The federal government plans to replace Australia’s 50% capital gains tax discount with an inflation indexation system. Under the proposal, an asset’s cost base would be adjusted for inflation and tax would apply to the real gain accumulated while the asset was held. The change is scheduled to take effect at the end of the 2026–27 financial year in July 2027 and would apply to gains from cryptocurrencies, shares, businesses, commercial property and other investments.
Currently, individuals who hold an asset for more than 12 months can reduce their taxable capital gain by 50%. The indexation method would remove that flat reduction and instead tax the inflation‑adjusted gain, increasing the taxable amount on many long‑held positions.

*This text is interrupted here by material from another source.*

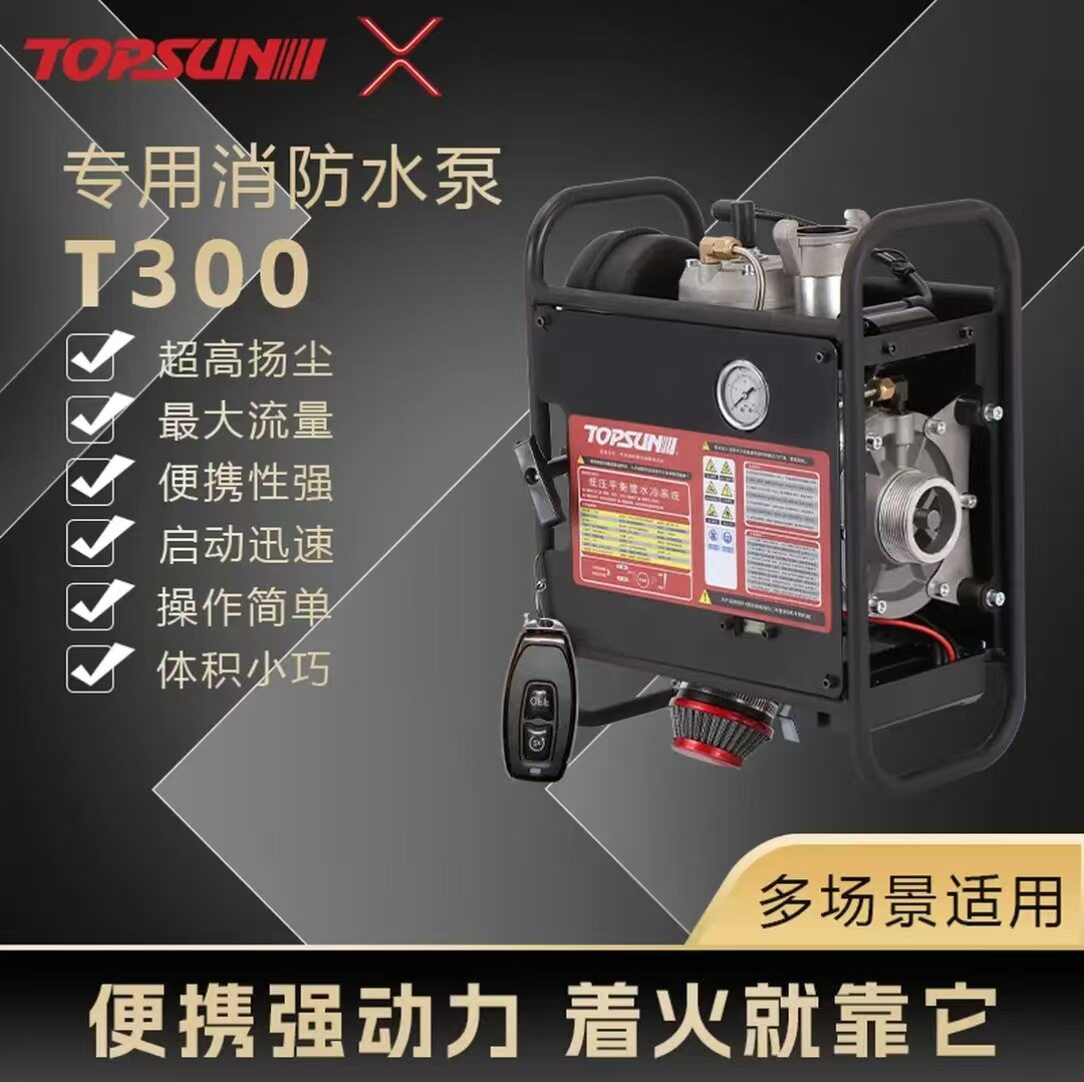 WZP50-170风冷四冲程单缸汽油机水泵2寸抽水泵农用灌溉新款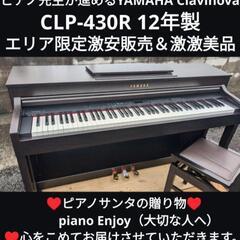 大阪府のclavinovaの中古が安い！激安で譲ります・無料であげます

Detailed rules will appear in the government’s 2027 budget and later legislation. A transition arrangement links eligibility to a May 10 cutoff: assets acquired after May 10 would receive a one‑year grace period, while assets purchased before that date would be partially exempt. The final capital gains discount for partly exempt assets would be calculated proportionally based on how long the asset was held under each regime. During the transition the existing 50% discount would still apply for the relevant portion of an asset’s holding period.
Officials say the framework aims to tax gains in real terms rather than nominal terms. The budget papers and subsequent legislation will set out the final design, compliance rules and the method for calculating inflation adjustments.

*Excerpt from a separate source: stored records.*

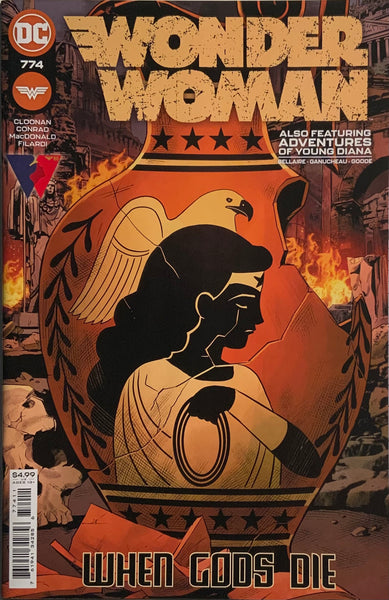 WONDER WOMAN #774 FIRST APPEARANCE OF JANUS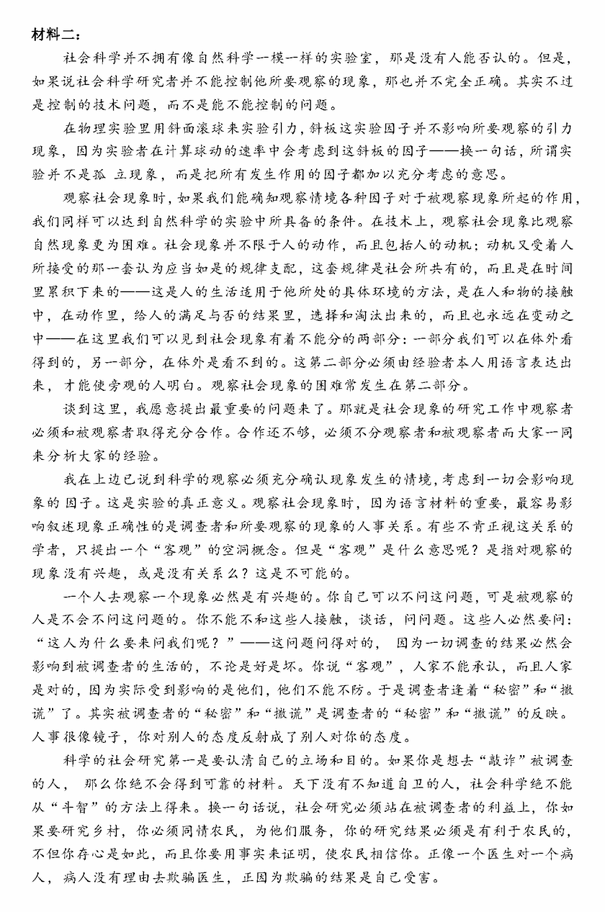 2023年新高考二卷语文试卷真题及谜底剖析（完全版）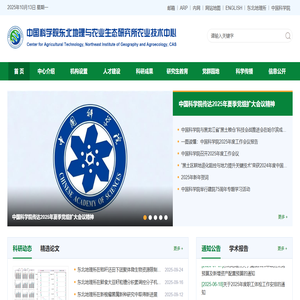 中国科学院东北地理所农业技术中心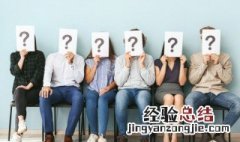 对方说盘你要怎么回答 女生说盘我是什么意思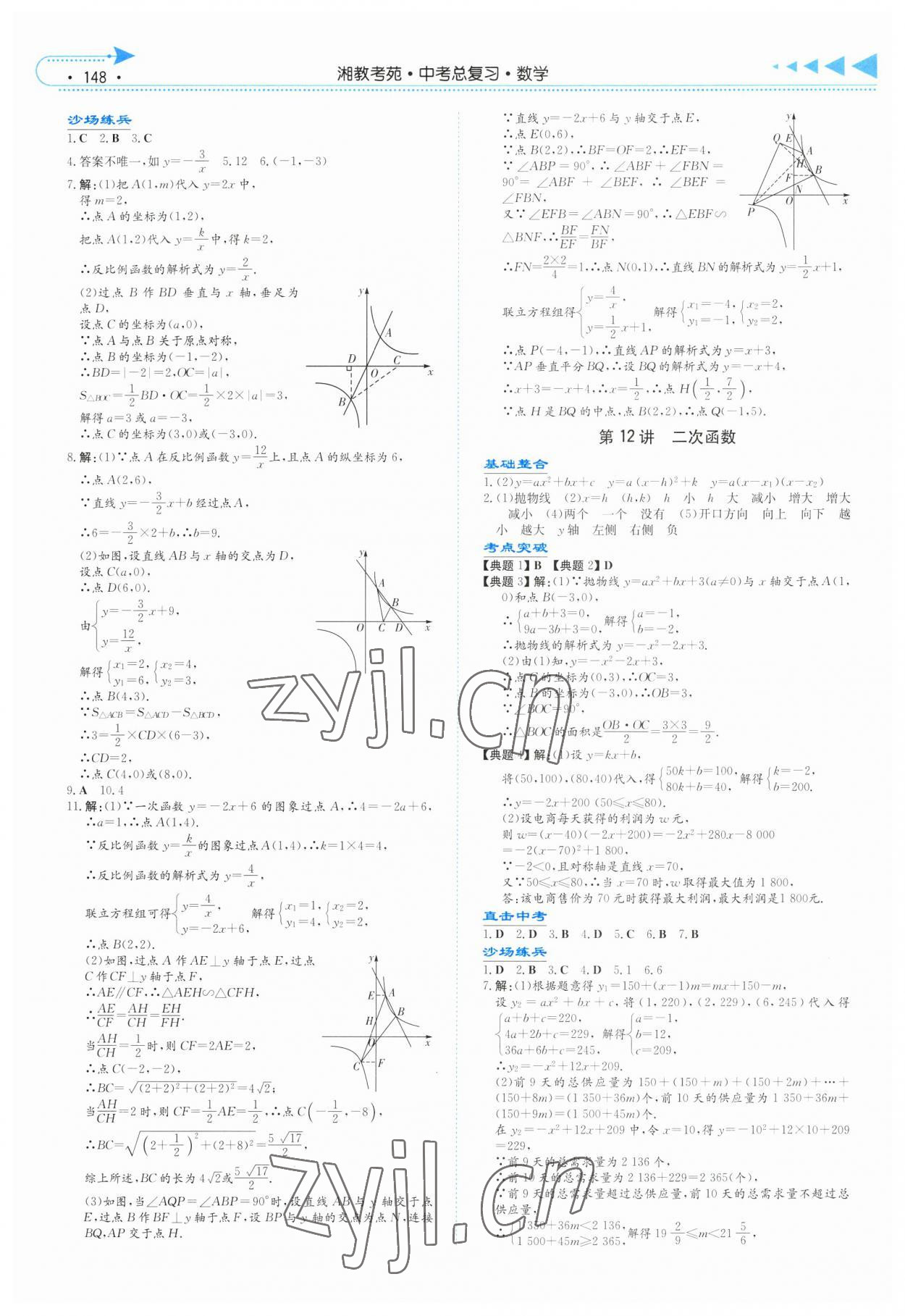 2023年湘教考苑中考總復習數學湘西版 第6頁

Advisers and investors say some long‑term holders could face larger tax bills, particularly high‑income individuals holding assets with modest inflation‑adjusted returns. Chris Joye, a portfolio manager at Coolabah Capital Investments, warned the change could push investment into owner‑occupied housing that is tax‑exempt and argued it would “double the capital gains tax on productive businesses and assets from about 23.5% to 46–47%.” He added: “The single biggest winner from the budget: the tax‑free owner‑occupied home, which is where people will put their money.”

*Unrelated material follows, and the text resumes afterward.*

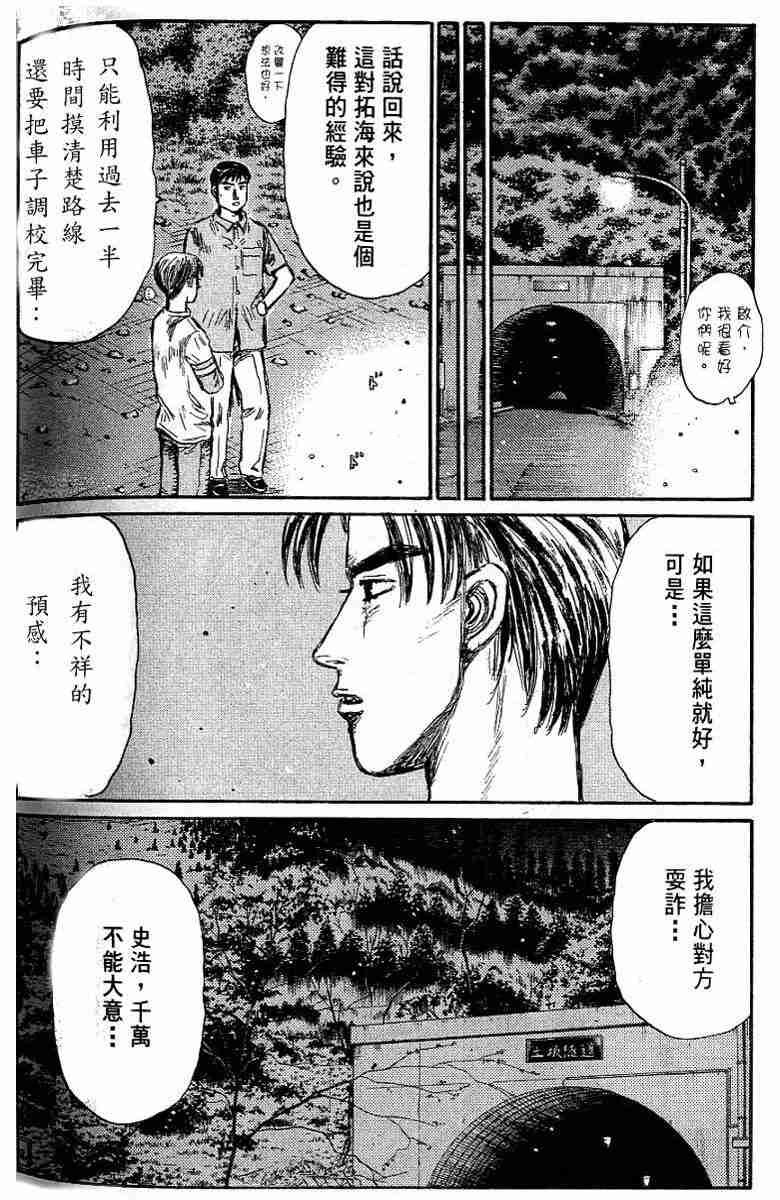 第26卷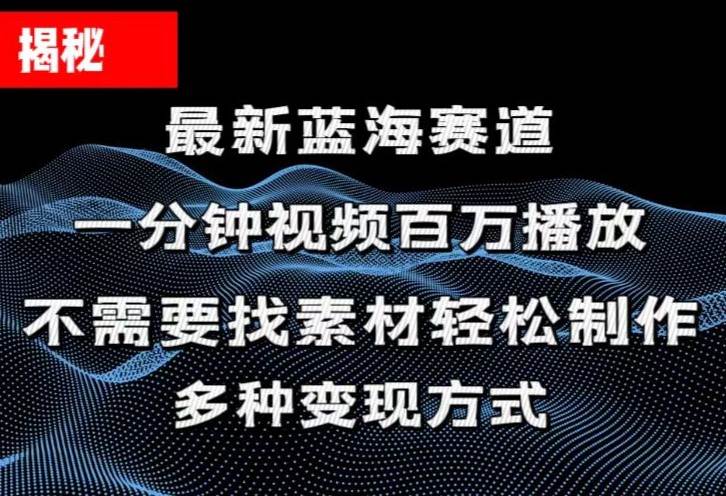 揭秘！一分钟教你做百万播放量视频，条条爆款，各大平台自然流，轻松月…-天下副业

Scott Phillips, chief investment officer at an investment advice firm, commented that higher tax bills would not eliminate returns and could leave founders and growth investors with incentives to invest if they expected substantial gains. He observed, “That’s all the incentive they will need.”
Industry groups, tax advisers and investors will monitor the budget release and the legislative process to understand reporting requirements and how the transition provisions will operate in practice. The change will affect calculations of taxable gains once enacted and may influence asset allocation decisions by long‑term investors.